Rainy weather gave me the opportunity to spend some time with the program last weekend. Initial reaction? Intrigued but cautious. Some observations and reactions.

  • The Windows version is still clearly beta--perhaps even early beta in some aspects. Stability was reasonable enough for me, but it was almost unusably slow. You really need to be able to zip through photos in a cataloging application and you can't really do that with Lightroom as things stand. From browsing through Adobe's Lightroom forums, this problem seems to be both widely observed and acknowledged by Adobe. There's no reason to believe that it won't get better, but is--at the least--something to keep an eye on with future beta releases.
  • More fundamentally architectural is Lightroom's organizational metaphor. Lightroom categorizes imported photos by shoot and collection. Each photo is in one shoot only; it can be in multiple collections. Although it (optionally) allows photos to remain in their original folder locations on a hard drive, the actual hard disk file folders do not play into how Lightroom organizes the catalog. I'm still thinking about what this would mean for my workflow; currently my downloading application (Breeze Systems' Downloader Pro) names my files based on a "job code" and puts them in a directory named for the month the photos were taken. Given that one often accesses digital photos using a variety of applications, I'm not sure of the wisdom in not integrating with the physical directory where files are stored. It seems to add a level of abstraction that is neither necessary nor desirable.
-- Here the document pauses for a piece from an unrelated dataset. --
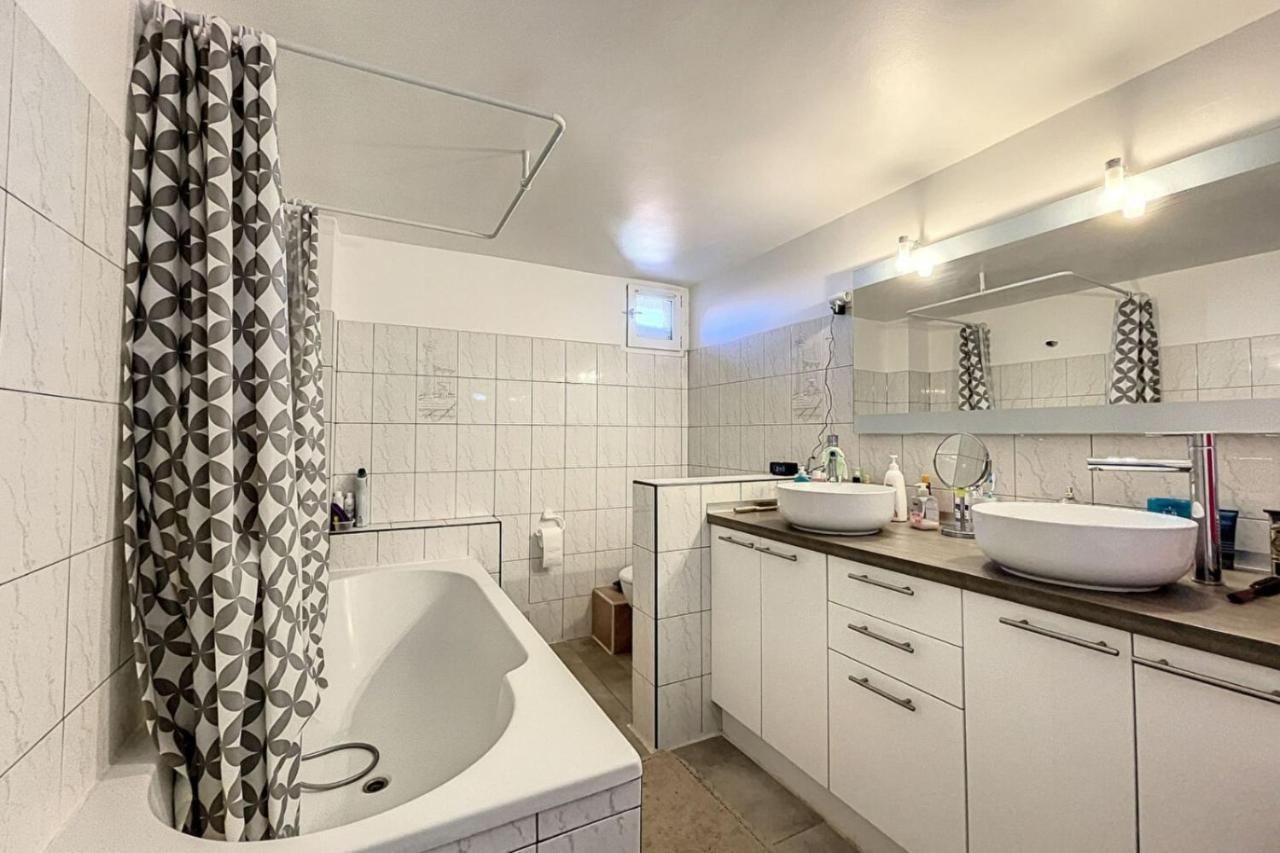 Maisonnette De Plage Sur Les Toits Appart 1 Chambre 1 Mezzanine Avec Vue Le Grau-du-Roi Zewnętrze zdjęcie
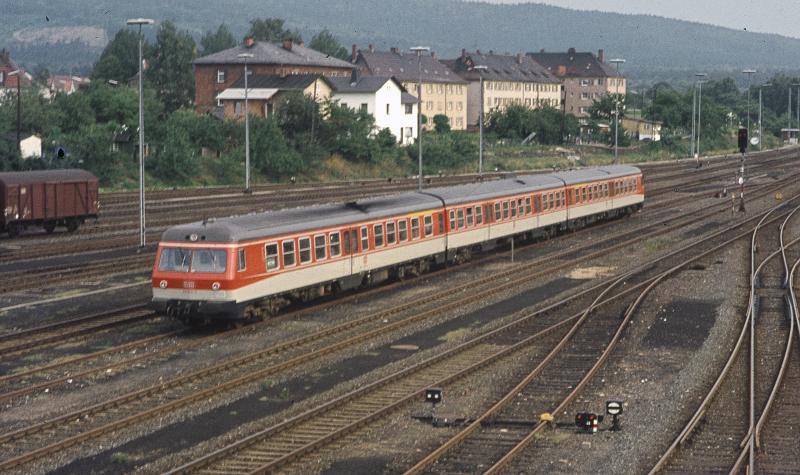 Einfahrt in Neuenmarkt Wirsberg einer 614 Garnitur in der ursprnglichen Farbgebung, wie sie auch die Firma Fleischmann fr ihr HO Modell dieses Zuges angewand hat.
  • In any event, I would probably have to reorganize my files somewhat. Today, I often keep various converted versions of files and the like underneath their original import directories. I would probably want to move these somewhere else so my catalog isn't filled with multiple versions of the same photo--but this is something that would apply to just about any image cataloging program. (I currently use Breeze Systems' BreezeBrowser Pro which, contra Lightroom, explicitly works within the existing directory structure. It's a very nice program but, as the name implies, is more of an image browser than a cataloging program per se.)
  • A number of the pros on the forums seem to be unhappy about the basic concept of having to pull your photos into a catalog to work with them (unlike, I gather, RawShooter). The basic issue is that some of these guys might take thousands of photos at a shoot and they want to quickly process them and get them off their systems as quickly as possible. From their perspective, Lightroom is more oriented toward more fussing with more modest scales of shooting. Although none of this concerns me directly, I see the point that this could perhaps be considered an application more for prosumers than working pros--or at least pros cranking out huge volumes of studio or other such work.
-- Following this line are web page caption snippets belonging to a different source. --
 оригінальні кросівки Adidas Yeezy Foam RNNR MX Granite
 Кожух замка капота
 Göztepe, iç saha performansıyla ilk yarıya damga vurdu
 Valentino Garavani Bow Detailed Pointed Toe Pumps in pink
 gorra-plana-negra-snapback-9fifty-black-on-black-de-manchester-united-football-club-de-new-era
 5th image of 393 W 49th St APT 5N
  • Unlike Photoshop, the application interface is "monolithic." I don't have any particular problem with the UI overall, but I dislike that I can't drag the various control panels over to my secondary monitor like I can on Photoshop--leaving the main monitor for just the photo I'm working with.
  • In general, the "develop" module where you apply corrections to the photo seems pretty complete and nice. One interesting component is the "curves" adjustment which I still find a bit of a black art in Photoshop. Adobe's made using it quite a bit more intuitive without sacrificing much power. (And, frankly, if you need more fine-grained curve tweaking than the Develop module provides, you're probably working on the image in Photoshop anyway.)
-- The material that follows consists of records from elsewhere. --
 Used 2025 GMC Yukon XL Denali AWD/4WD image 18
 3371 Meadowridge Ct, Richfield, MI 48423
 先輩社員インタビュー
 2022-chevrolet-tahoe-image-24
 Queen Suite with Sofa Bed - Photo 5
So, besides performance, my biggest issue is Lightroom's decision to basically ignore the directory structure of images on the hard drive which, at the least, means that I'll have to rethink workflows and that--I'm pretty sure--will make it less straightforward to find and deal with digital images using other software. It will also be interesting to see how this integrates with Photoshop over time--a program that has gone through a couple iterations of built-in image management (currently Adobe Bridge) and which will have to deal with some seriously conflicting requirements to both better integrate with Lightroom while also keeping its huge base of existing users content.